Multi-objective optimization via equivariant deep hypervolume approximation

TL;DR

This paper introduces DeepHV, a neural network-based approach to efficiently approximate the hypervolume indicator in multi-objective optimization, leveraging equivariance properties for improved accuracy and generalization.

Contribution

The paper proposes DeepHV, a deep neural network that approximates hypervolume using equivariance to scale and permutation, enhancing efficiency and scalability in multi-objective optimization.

Findings

DeepHV achieves comparable accuracy to exact methods.

DeepHV significantly reduces computation time.

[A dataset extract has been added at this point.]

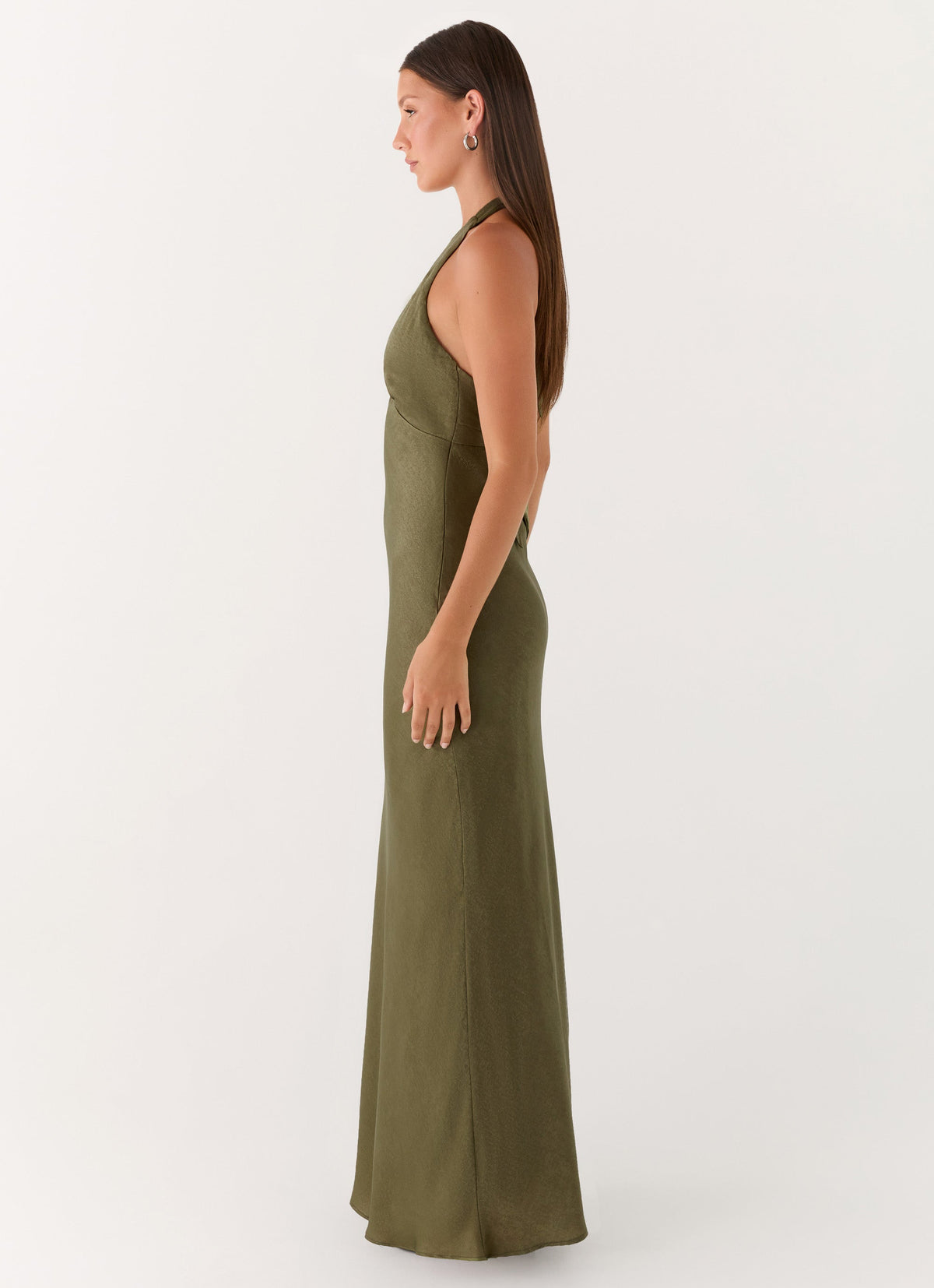 Ophelia Satin Maxi Dress in Black Khaki 2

DeepHV generalizes well across different objectives and data sets.

Abstract

Optimizing multiple competing objectives is a common problem across science and industry. The inherent inextricable trade-off between those objectives leads one to the task of exploring their Pareto front. A meaningful quantity for the purpose of the latter is the hypervolume indicator, which is used in Bayesian Optimization (BO) and Evolutionary Algorithms (EAs). However, the computational complexity for the calculation of the hypervolume scales unfavorably with increasing number of objectives and data points, which restricts its use in those common multi-objective optimization frameworks. To overcome these restrictions we propose to approximate the hypervolume function with a deep neural network, which we call DeepHV. For better sample efficiency and generalization, we exploit the fact that the hypervolume is scale-equivariant in each of the objectives as well as permutation invariant w.r.t. both the objectives and the samples, by using a deep neural network that is equivariant w.r.t. the combined group of scalings and permutations. We evaluate our method against exact, and approximate hypervolume methods in terms of accuracy, computation time, and generalization. We also apply and compare our methods to state-of-the-art multi-objective BO methods and EAs on a range of synthetic benchmark test cases. The results show that our methods are promising for such multi-objective optimization tasks.